* _Problem to work on_
Retype every record exactly. Leave the pictures out.

* _Data_

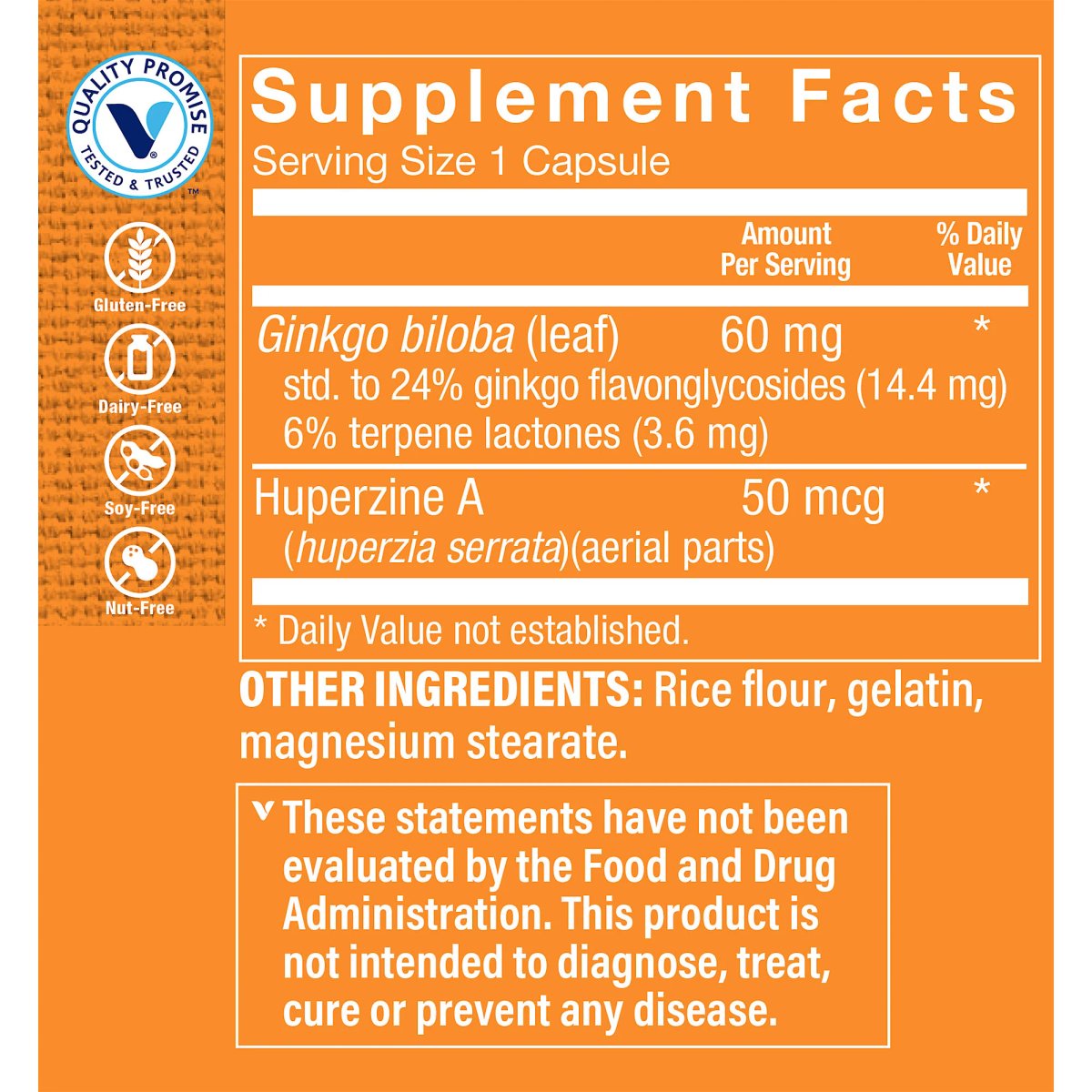 Huperzine A con Ginkgo Biloba (60 capsulas) the Vitamin Shoppe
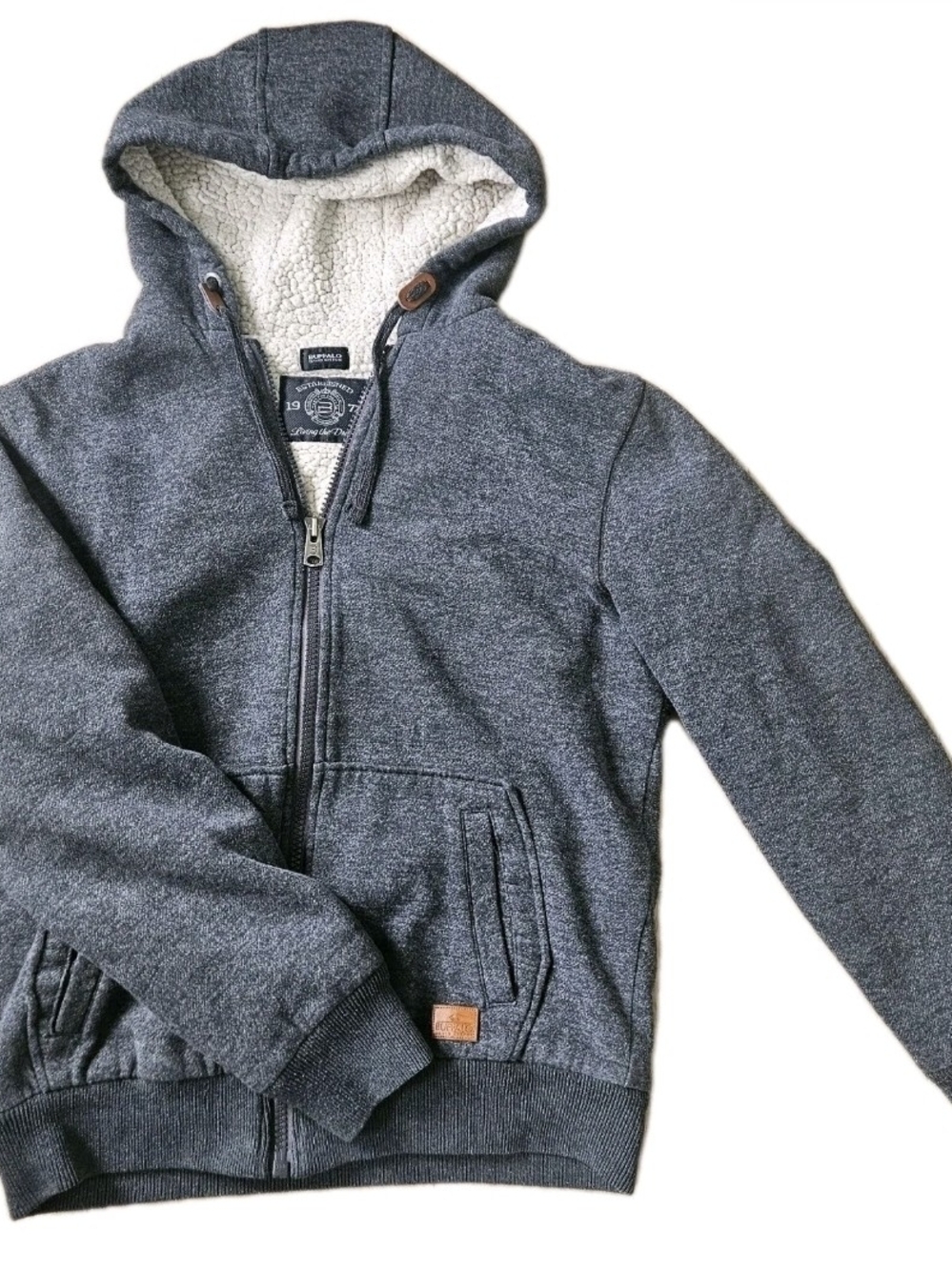 Buffalo David Bitton Hoodie Full Zip Up  Sherpa Fleece Grey Jacket Sz M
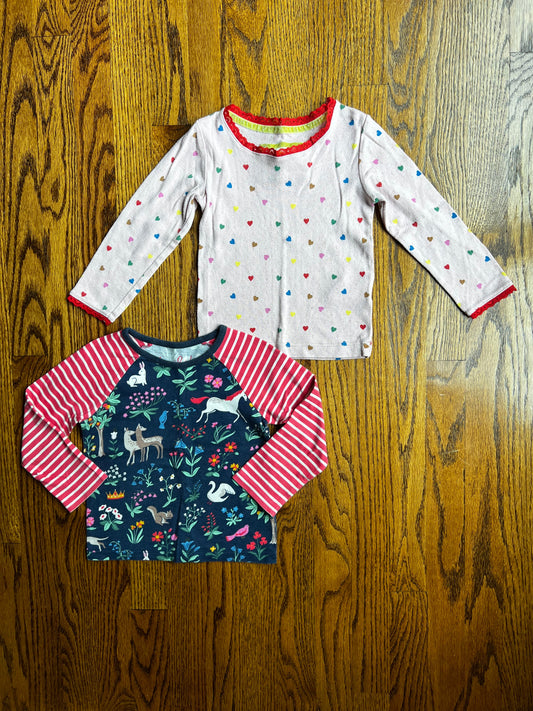 Seller #115 - REDUCED Boden Girls 2-3Y / 3-4Y Tops Bundle, Set of 2 (Navy Blue Animals & Pale Pink Hearts), VGUC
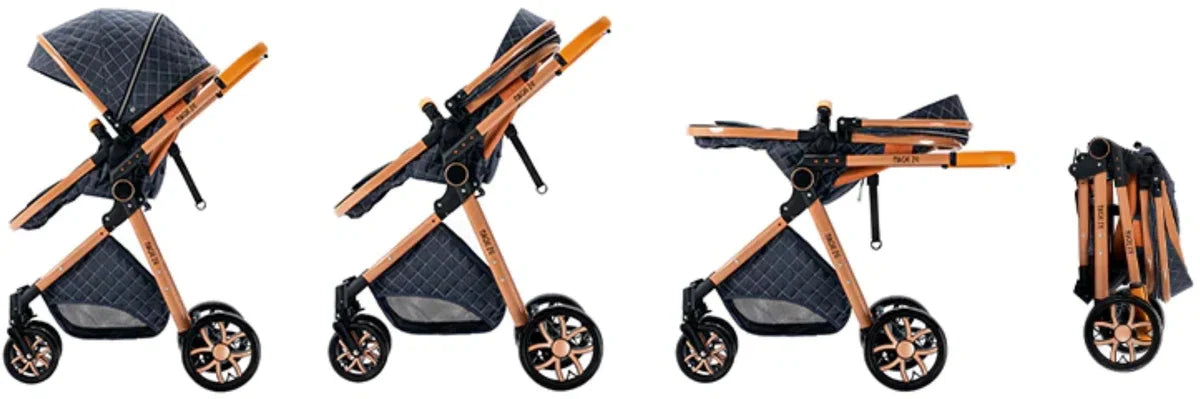 3-in-1 Stroller - Luxury Stroller - Buggy - Pram - Multifunctional - Foldable - Including Car Seat - Blue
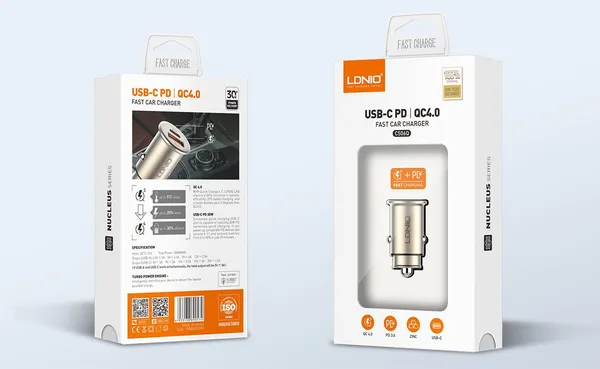 LDNIO_30W_USB-C_PD_+_QC4.0_Fast_Car_Charger_|_Compact_Metal_Mini_Design_|_Single_Port_High-Speed_Charging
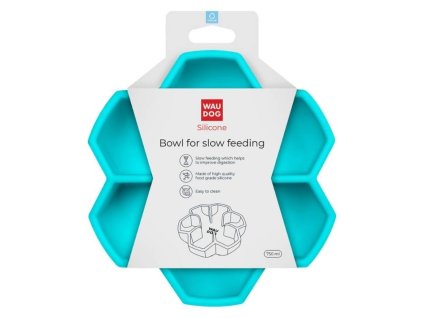 Zpomalovací miska WAUDOG silikonová tyrkysová 19cm (750ml)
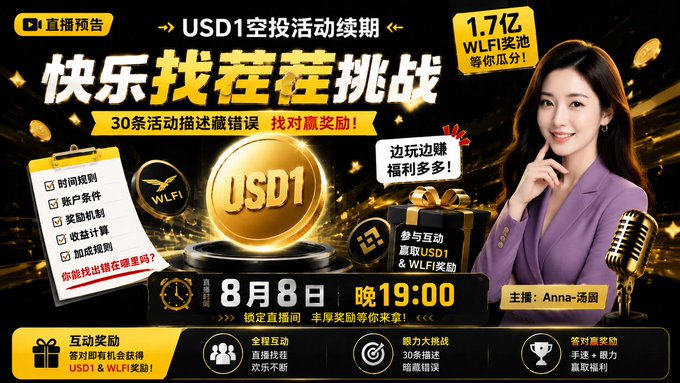 This promotional graphic announces an "USD1 Airdrop Fun Spot-the-Mistake Challenge" livestream featuring host Anna (汤圆), scheduled for August 8th at 19:00, advertising a massive 1.7 billion WLFI prize pool and highlighting a checklist of event rules including account conditions, rewards mechanism, and registration requirements.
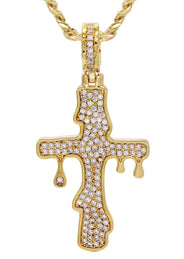 Gold Plated Cuban Link Chain & Melting Cross Pendant | Appx. 10.9 Grams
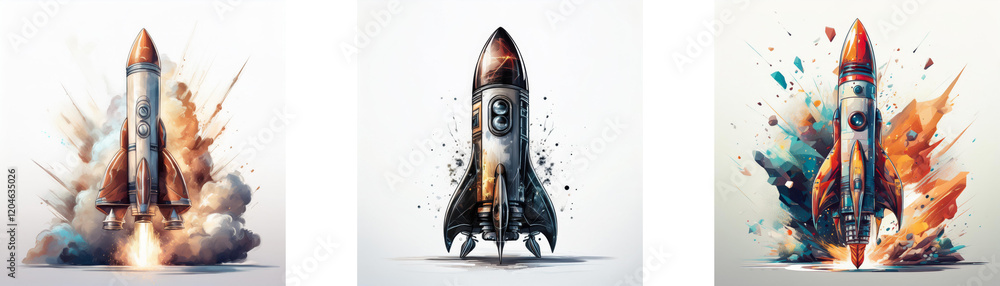 Poster Three rockets launching, each with unique explosion effects, showcasing dynamic motion and vibrant colors.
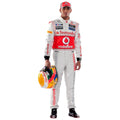 Lewis Hamilton 2012 McLaren F1 race suit in silver and red with Vodafone McLaren Mercedes sponsor logos
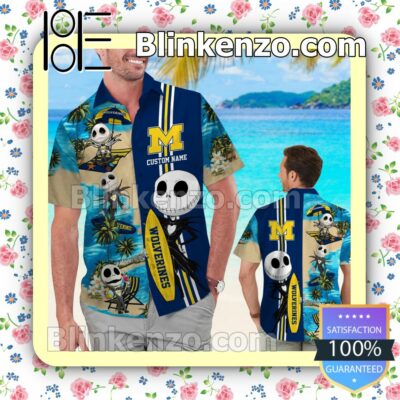 Personalized Michigan Wolverines Jack Skellington Mens Shirt, Swim Trunk
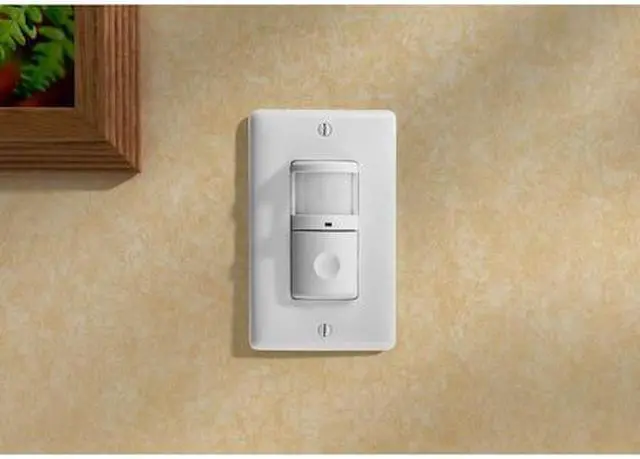 Alt view image 2 of 5 - HUBBELL WIRING DEVICE-KELLEMS WS1000NW Occupancy Sensor,PIR,1200 sq ft,White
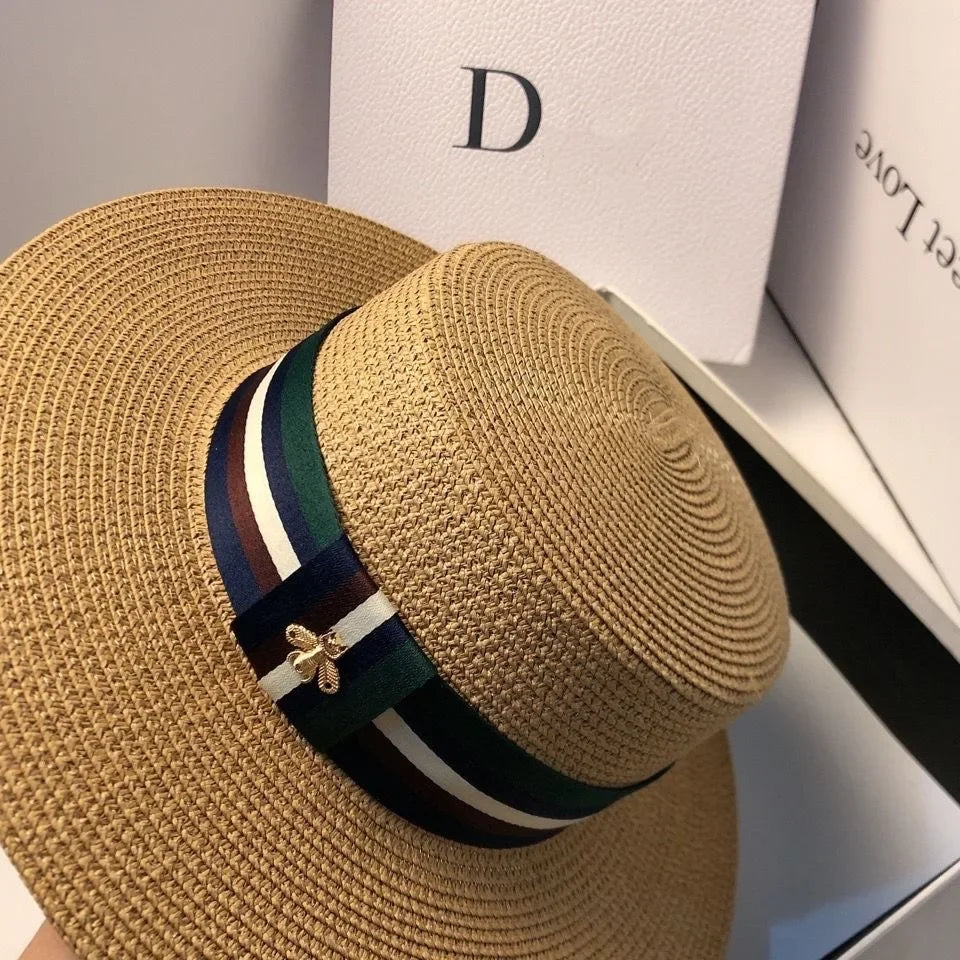 Striped Ribbon Beach Hat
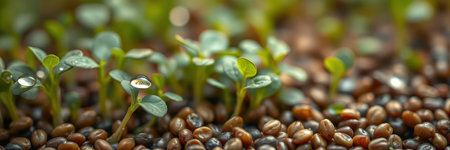 Seedlings emerge from soil in a vibrant display of growth, showcasing the miracle of nature in a garden settingの素材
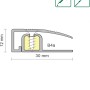 Profilzeichnung: Silbernes Abschlussprofil combi-fix 02 aus Aluminium, 30x12x930 mm, schraubbar.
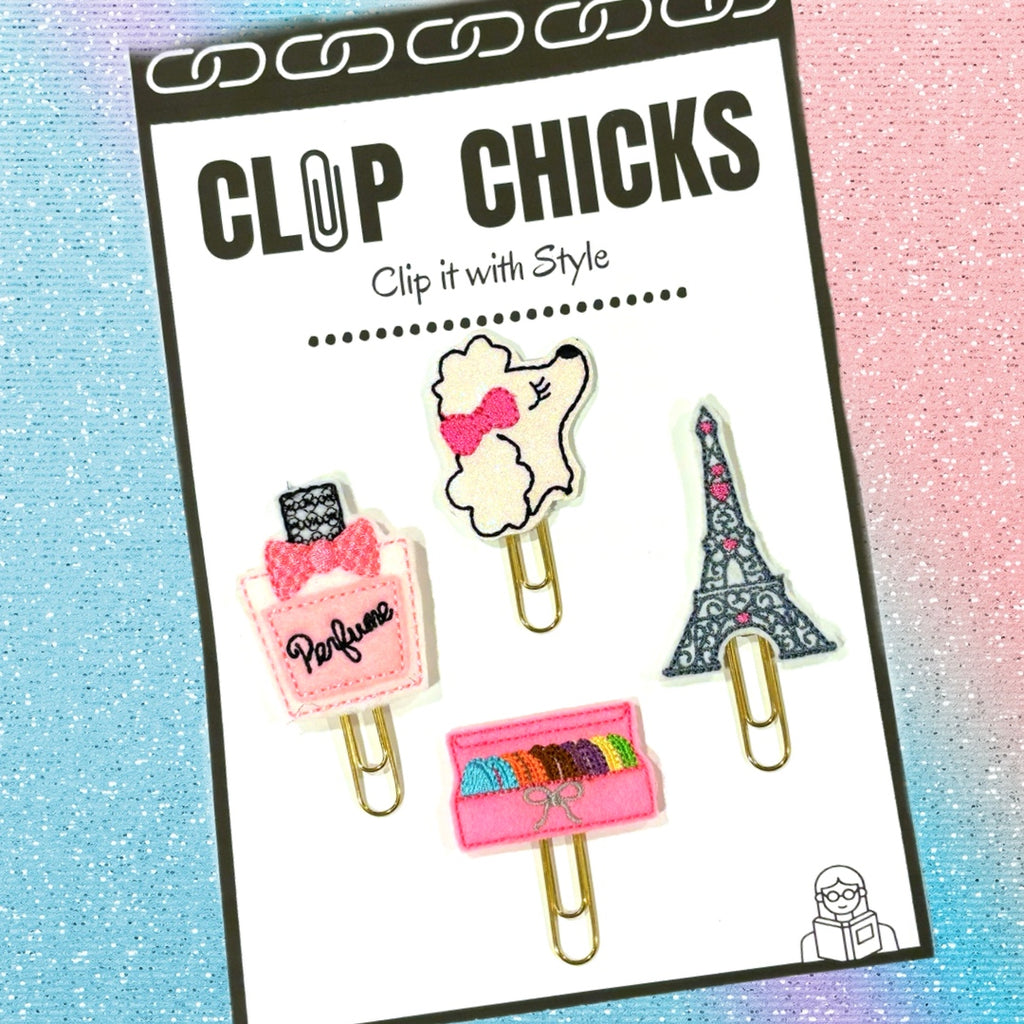 Clip Chicks' Parisian Style set of novelty paper clips are shown in their adorable package.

* _Result for this task_
 Huperzine A con Ginkgo Biloba (60 capsulas) the Vitamin Shoppe
 Buffalo David Bitton Hoodie Full Zip Up  Sherpa Fleece Grey Jacket Sz M
 Seller #115 - REDUCED Boden Girls 2-3Y / 3-4Y Tops Bundle, Set of 2 (Navy Blue Animals & Pale Pink Hearts), VGUC
 3-in-1 Stroller - Luxury Stroller - Buggy - Pram - Multifunctional - Foldable - Including Car Seat - Blue
 LDNIO_30W_USB-C_PD_+_QC4.0_Fast_Car_Charger_|_Compact_Metal_Mini_Design_|_Single_Port_High-Speed_Charging
 Zpomalovací miska WAUDOG silikonová tyrkysová 19cm (750ml)
 This promotional graphic announces an "USD1 Airdrop Fun Spot-the-Mistake Challenge" livestream featuring host Anna (汤圆), scheduled for August 8th at 19:00, advertising a massive 1.7 billion WLFI prize pool and highlighting a checklist of event rules including account conditions, rewards mechanism, and registration requirements.
 Gold Plated Cuban Link Chain & Melting Cross Pendant | Appx. 10.9 Grams
 Poster Three rockets launching, each with unique explosion effects, showcasing dynamic motion and vibrant colors.
 Lewis Hamilton 2012 McLaren F1 race suit in silver and red with Vodafone McLaren Mercedes sponsor logos
 Personalized Michigan Wolverines Jack Skellington Mens Shirt, Swim Trunk
 Alt view image 2 of 5 - HUBBELL WIRING DEVICE-KELLEMS WS1000NW Occupancy Sensor,PIR,1200 sq ft,White
 Striped Ribbon Beach Hat
 Seedlings emerge from soil in a vibrant display of growth, showcasing the miracle of nature in a garden settingの素材
 Profilzeichnung: Silbernes Abschlussprofil combi-fix 02 aus Aluminium, 30x12x930 mm, schraubbar.
 Clip Chicks' Parisian Style set of novelty paper clips are shown in their adorable package.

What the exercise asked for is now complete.